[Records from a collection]
···
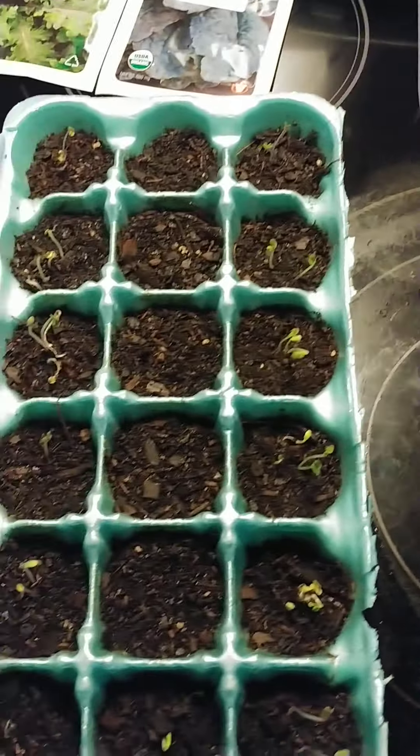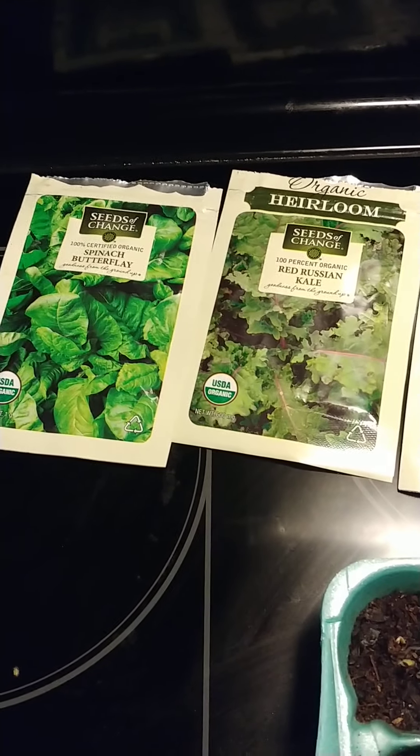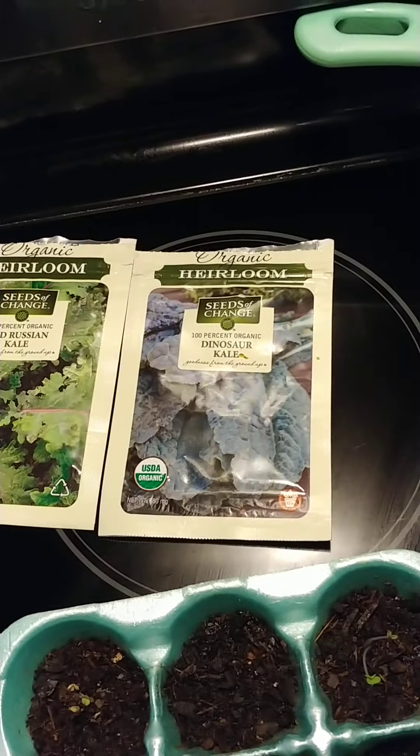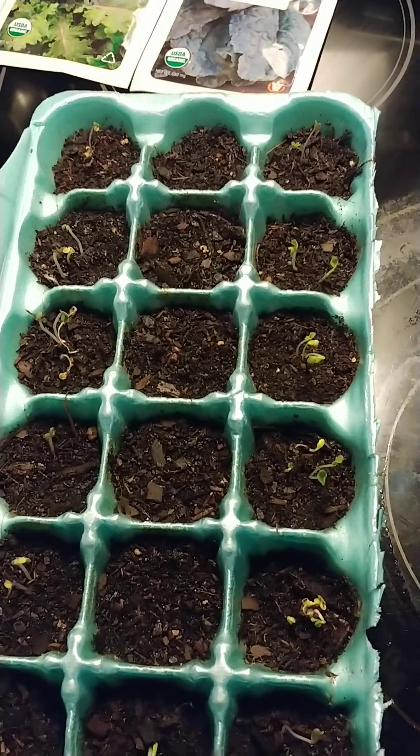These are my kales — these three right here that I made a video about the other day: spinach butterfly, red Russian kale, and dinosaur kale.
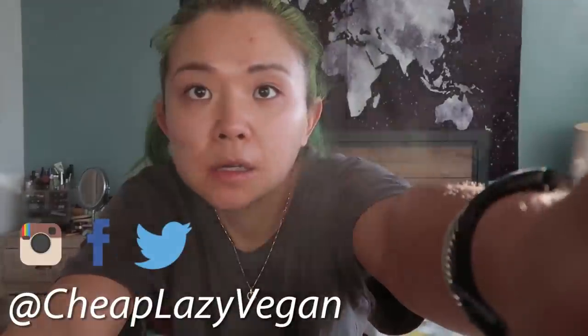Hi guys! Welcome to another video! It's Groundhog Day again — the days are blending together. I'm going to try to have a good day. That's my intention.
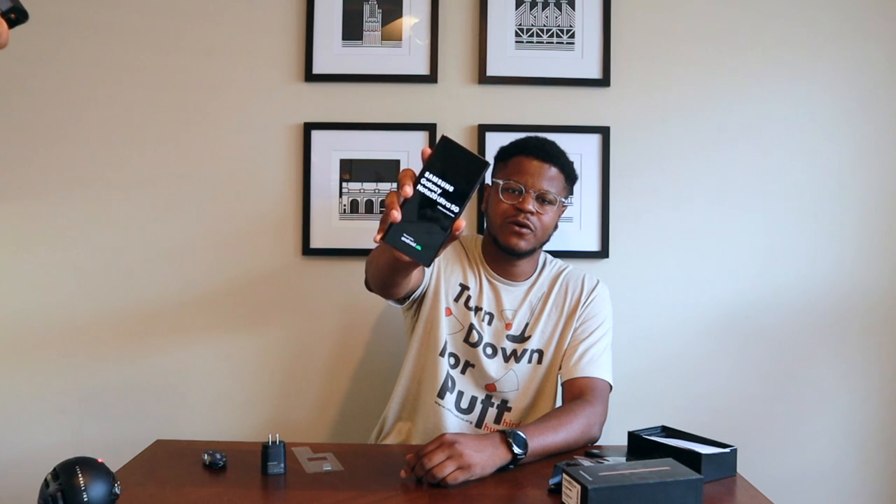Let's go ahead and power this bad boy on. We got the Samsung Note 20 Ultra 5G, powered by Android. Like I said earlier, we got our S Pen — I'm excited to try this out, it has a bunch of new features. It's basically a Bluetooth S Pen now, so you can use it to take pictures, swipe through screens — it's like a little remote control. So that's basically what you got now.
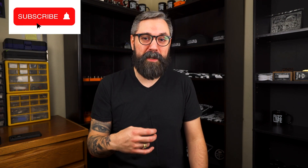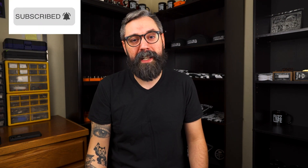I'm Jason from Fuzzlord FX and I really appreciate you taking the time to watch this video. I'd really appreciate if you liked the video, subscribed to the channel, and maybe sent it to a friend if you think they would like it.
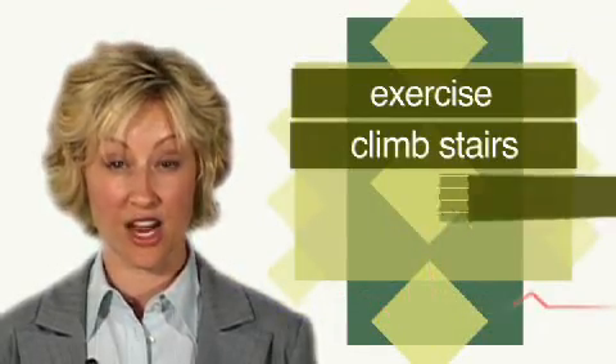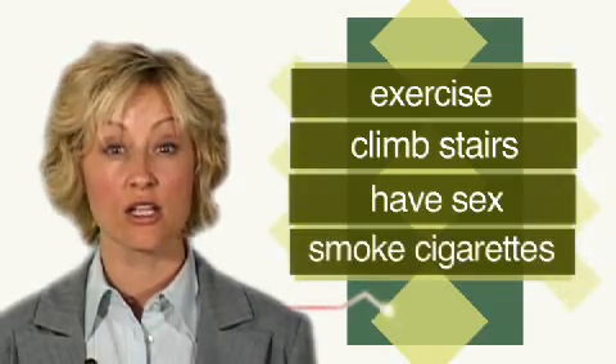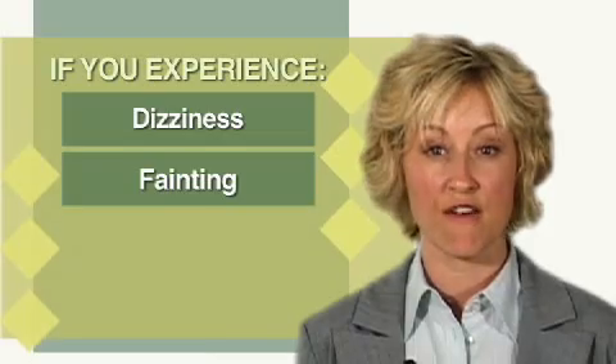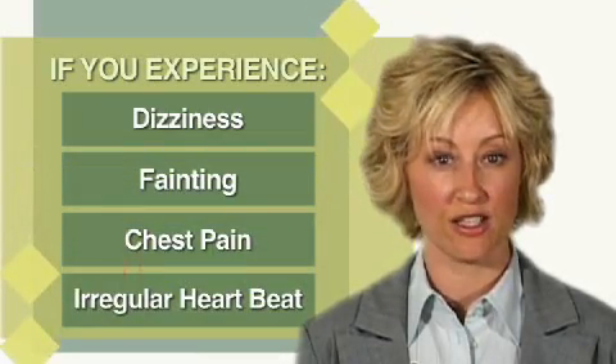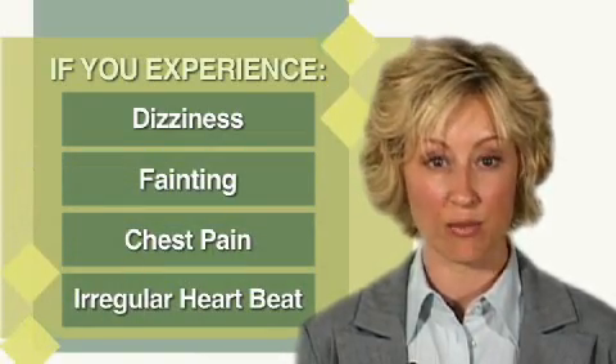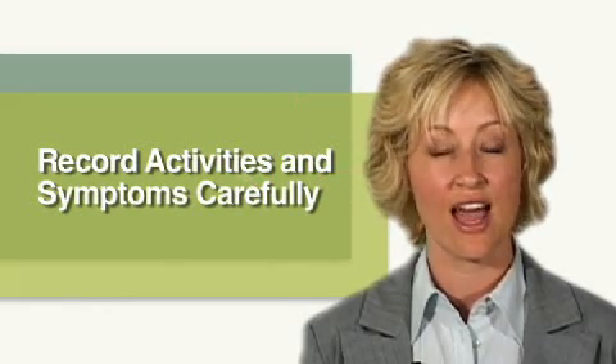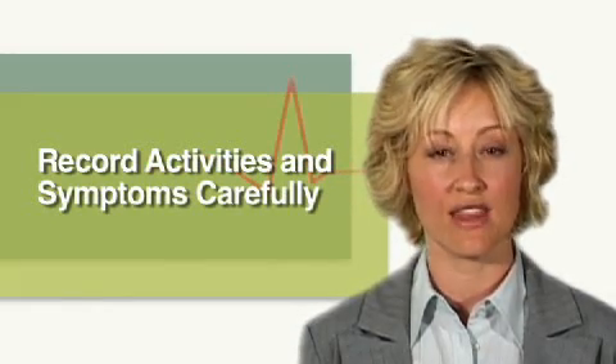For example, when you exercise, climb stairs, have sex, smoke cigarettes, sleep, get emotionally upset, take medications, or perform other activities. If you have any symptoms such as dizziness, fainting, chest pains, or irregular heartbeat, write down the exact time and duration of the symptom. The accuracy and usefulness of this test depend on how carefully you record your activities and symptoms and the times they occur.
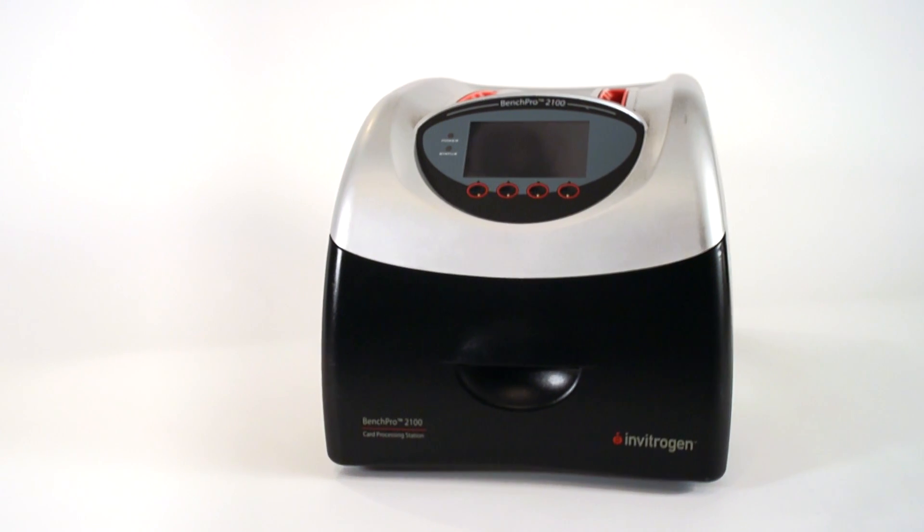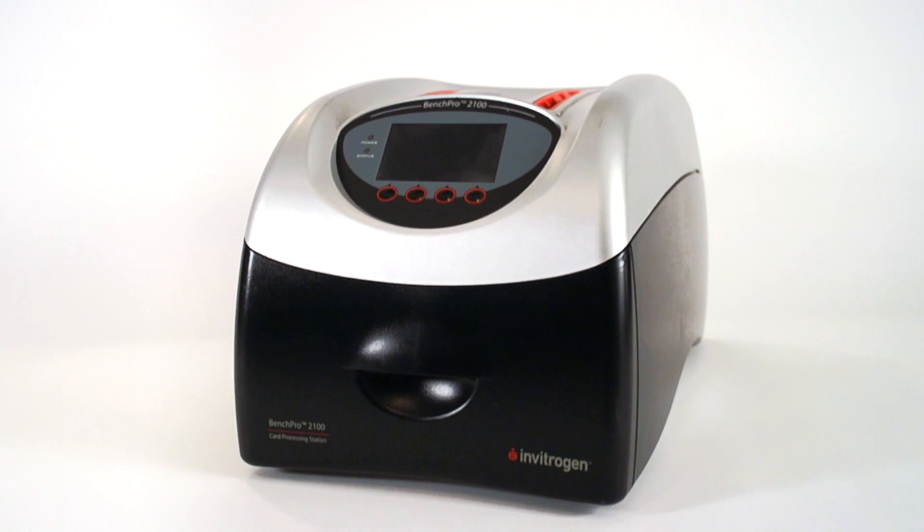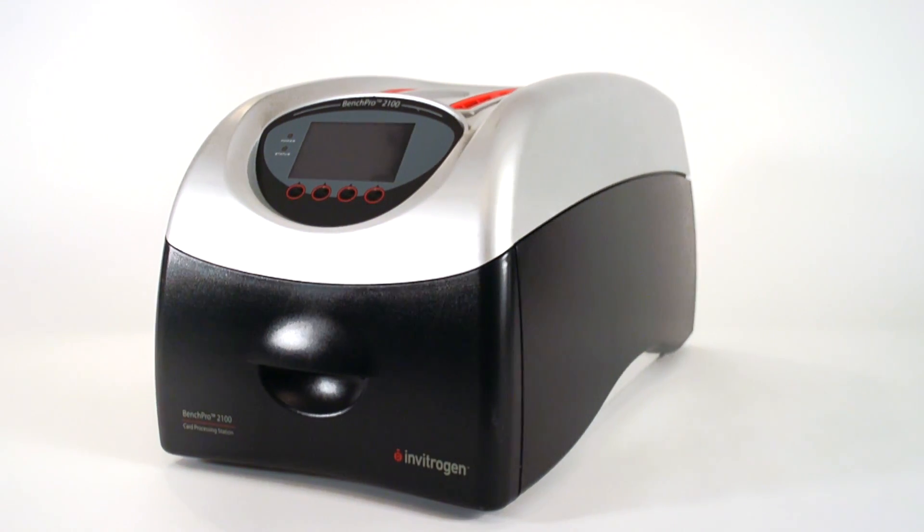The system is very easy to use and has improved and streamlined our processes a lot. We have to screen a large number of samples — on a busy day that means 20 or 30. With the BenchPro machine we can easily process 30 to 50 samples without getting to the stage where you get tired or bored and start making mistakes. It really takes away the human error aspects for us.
···
ACTION ITEM :: Pictures stay out, but every record above is to be returned exactly.

TASK OUTPUT ::
These are my kales — these three right here that I made a video about the other day: spinach butterfly, red Russian kale, and dinosaur kale.
Hi guys! Welcome to another video! It's Groundhog Day again — the days are blending together. I'm going to try to have a good day. That's my intention.
Let's go ahead and power this bad boy on. We got the Samsung Note 20 Ultra 5G, powered by Android. Like I said earlier, we got our S Pen — I'm excited to try this out, it has a bunch of new features. It's basically a Bluetooth S Pen now, so you can use it to take pictures, swipe through screens — it's like a little remote control. So that's basically what you got now.
I'm Jason from Fuzzlord FX and I really appreciate you taking the time to watch this video. I'd really appreciate if you liked the video, subscribed to the channel, and maybe sent it to a friend if you think they would like it.
For example, when you exercise, climb stairs, have sex, smoke cigarettes, sleep, get emotionally upset, take medications, or perform other activities. If you have any symptoms such as dizziness, fainting, chest pains, or irregular heartbeat, write down the exact time and duration of the symptom. The accuracy and usefulness of this test depend on how carefully you record your activities and symptoms and the times they occur.
The system is very easy to use and has improved and streamlined our processes a lot. We have to screen a large number of samples — on a busy day that means 20 or 30. With the BenchPro machine we can easily process 30 to 50 samples without getting to the stage where you get tired or bored and start making mistakes. It really takes away the human error aspects for us.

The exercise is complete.